__About this task__.
Write out each line of the entries exactly, starting at the first and finishing with the line that contains "Two Hoot Owls".

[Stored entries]
──────────
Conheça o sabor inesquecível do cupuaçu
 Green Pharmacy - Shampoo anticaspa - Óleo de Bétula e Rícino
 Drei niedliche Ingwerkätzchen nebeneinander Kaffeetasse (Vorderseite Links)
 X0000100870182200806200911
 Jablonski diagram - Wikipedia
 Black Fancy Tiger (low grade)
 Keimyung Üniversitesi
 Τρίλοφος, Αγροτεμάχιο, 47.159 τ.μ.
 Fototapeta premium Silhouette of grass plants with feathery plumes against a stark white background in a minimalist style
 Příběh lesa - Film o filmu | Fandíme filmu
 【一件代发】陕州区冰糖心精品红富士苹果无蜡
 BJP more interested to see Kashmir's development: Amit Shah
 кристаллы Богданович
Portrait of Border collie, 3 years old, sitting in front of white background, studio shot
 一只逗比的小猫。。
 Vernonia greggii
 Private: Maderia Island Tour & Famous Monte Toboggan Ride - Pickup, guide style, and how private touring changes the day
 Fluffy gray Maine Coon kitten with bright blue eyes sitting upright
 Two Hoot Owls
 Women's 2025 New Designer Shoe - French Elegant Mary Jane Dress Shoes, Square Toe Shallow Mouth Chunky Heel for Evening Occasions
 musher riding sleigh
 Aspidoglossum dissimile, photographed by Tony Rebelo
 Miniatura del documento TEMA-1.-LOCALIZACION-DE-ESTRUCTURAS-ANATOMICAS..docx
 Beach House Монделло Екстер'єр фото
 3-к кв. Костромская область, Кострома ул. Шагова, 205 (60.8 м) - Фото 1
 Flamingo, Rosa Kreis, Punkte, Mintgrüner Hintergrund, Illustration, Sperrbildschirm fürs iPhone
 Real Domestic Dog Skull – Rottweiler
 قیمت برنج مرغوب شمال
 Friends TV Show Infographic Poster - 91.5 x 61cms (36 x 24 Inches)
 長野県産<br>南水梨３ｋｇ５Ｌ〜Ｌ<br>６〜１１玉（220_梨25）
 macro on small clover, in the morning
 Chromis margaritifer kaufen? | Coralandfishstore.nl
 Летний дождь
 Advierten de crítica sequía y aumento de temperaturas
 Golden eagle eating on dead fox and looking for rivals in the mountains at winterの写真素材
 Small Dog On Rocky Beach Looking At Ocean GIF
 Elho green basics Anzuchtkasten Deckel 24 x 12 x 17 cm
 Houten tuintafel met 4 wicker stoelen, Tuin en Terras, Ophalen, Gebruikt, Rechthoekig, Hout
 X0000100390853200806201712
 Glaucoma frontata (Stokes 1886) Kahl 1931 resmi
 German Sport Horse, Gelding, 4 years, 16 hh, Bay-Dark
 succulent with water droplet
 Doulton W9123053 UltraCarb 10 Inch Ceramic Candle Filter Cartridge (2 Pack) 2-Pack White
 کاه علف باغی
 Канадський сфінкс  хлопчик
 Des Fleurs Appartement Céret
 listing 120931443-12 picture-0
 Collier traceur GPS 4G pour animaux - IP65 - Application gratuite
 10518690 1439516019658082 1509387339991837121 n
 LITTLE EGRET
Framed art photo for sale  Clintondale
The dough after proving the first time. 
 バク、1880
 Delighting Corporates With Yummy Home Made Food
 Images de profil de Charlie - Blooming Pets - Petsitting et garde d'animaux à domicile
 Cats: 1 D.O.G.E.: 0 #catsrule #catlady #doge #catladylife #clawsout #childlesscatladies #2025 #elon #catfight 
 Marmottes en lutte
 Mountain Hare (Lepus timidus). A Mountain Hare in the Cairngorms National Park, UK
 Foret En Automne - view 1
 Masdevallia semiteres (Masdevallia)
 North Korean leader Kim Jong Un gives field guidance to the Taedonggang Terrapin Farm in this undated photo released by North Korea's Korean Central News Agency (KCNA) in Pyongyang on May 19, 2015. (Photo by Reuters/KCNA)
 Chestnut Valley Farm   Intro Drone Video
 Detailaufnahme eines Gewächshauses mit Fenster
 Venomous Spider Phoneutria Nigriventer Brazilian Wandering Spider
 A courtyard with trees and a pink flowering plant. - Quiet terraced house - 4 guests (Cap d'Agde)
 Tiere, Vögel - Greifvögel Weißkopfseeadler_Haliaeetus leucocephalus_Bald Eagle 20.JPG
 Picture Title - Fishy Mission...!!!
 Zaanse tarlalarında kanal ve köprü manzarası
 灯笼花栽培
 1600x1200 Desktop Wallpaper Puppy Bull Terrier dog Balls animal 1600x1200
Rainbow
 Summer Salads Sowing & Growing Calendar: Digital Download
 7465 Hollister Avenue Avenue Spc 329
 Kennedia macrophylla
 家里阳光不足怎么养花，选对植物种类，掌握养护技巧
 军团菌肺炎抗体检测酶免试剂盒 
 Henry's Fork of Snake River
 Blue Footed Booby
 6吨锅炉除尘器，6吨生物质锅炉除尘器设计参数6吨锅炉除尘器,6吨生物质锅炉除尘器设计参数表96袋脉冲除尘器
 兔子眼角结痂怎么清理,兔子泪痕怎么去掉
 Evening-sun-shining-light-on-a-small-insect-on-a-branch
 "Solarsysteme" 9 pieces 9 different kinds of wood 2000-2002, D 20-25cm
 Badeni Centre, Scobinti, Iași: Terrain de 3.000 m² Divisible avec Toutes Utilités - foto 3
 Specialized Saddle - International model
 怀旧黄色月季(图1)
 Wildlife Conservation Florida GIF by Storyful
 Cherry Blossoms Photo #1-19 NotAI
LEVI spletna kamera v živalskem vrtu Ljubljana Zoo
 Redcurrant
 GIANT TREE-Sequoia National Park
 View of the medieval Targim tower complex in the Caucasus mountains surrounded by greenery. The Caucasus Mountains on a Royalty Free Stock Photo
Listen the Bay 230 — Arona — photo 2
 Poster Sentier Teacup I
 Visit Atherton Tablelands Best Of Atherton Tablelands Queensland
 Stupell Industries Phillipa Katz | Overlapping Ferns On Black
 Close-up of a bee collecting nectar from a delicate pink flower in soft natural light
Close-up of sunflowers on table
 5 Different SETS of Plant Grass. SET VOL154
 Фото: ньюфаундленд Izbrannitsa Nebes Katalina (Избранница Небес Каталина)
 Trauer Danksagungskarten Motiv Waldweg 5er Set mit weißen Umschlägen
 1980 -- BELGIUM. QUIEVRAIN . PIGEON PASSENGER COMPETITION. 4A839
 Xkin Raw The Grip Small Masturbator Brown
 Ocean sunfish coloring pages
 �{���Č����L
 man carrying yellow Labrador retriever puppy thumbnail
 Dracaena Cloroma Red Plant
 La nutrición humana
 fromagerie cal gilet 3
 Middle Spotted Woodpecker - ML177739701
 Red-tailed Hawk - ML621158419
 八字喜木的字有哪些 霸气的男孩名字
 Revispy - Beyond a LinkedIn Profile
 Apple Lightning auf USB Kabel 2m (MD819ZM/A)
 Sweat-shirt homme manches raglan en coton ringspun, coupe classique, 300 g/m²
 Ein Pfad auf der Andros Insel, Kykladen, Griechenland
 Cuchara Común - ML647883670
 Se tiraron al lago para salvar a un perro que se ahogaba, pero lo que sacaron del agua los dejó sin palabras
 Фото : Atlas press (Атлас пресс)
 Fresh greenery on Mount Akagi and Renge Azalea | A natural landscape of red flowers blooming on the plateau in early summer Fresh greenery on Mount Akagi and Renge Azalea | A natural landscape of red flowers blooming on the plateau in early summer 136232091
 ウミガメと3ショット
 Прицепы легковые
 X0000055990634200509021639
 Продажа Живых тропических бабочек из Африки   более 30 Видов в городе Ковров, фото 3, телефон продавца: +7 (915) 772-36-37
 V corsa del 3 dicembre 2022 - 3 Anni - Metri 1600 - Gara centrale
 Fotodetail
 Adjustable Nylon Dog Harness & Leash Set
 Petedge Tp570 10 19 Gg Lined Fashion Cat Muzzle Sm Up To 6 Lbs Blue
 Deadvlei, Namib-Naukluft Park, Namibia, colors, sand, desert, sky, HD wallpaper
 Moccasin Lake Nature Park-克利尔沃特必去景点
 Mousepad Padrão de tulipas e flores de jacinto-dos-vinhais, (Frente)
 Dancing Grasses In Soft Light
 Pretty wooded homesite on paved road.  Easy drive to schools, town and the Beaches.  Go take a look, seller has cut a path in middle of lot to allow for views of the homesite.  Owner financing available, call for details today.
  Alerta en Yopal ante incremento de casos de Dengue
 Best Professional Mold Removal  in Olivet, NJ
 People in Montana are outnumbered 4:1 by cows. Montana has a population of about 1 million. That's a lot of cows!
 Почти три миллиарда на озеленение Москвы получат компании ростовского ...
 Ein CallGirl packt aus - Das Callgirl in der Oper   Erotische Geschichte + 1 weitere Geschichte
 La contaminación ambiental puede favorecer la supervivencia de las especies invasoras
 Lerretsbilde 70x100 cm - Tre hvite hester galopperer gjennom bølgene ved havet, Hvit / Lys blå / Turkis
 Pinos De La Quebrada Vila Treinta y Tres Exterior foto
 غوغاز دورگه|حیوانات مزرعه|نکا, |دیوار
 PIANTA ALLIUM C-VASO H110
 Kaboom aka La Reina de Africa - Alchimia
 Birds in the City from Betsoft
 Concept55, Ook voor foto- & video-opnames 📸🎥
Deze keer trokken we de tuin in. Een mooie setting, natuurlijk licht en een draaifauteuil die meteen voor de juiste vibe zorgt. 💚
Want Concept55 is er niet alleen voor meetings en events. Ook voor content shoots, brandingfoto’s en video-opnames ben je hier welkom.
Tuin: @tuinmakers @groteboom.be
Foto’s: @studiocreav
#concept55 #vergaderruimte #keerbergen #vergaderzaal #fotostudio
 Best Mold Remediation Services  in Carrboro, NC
──────────
__Response to this task__.
Conheça o sabor inesquecível do cupuaçu
 Green Pharmacy - Shampoo anticaspa - Óleo de Bétula e Rícino
 Drei niedliche Ingwerkätzchen nebeneinander Kaffeetasse (Vorderseite Links)
 X0000100870182200806200911
 Jablonski diagram - Wikipedia
 Black Fancy Tiger (low grade)
 Keimyung Üniversitesi
 Τρίλοφος, Αγροτεμάχιο, 47.159 τ.μ.
 Fototapeta premium Silhouette of grass plants with feathery plumes against a stark white background in a minimalist style
 Příběh lesa - Film o filmu | Fandíme filmu
 【一件代发】陕州区冰糖心精品红富士苹果无蜡
 BJP more interested to see Kashmir's development: Amit Shah
 кристаллы Богданович
Portrait of Border collie, 3 years old, sitting in front of white background, studio shot
 一只逗比的小猫。。
 Vernonia greggii
 Private: Maderia Island Tour & Famous Monte Toboggan Ride - Pickup, guide style, and how private touring changes the day
 Fluffy gray Maine Coon kitten with bright blue eyes sitting upright
 Two Hoot Owls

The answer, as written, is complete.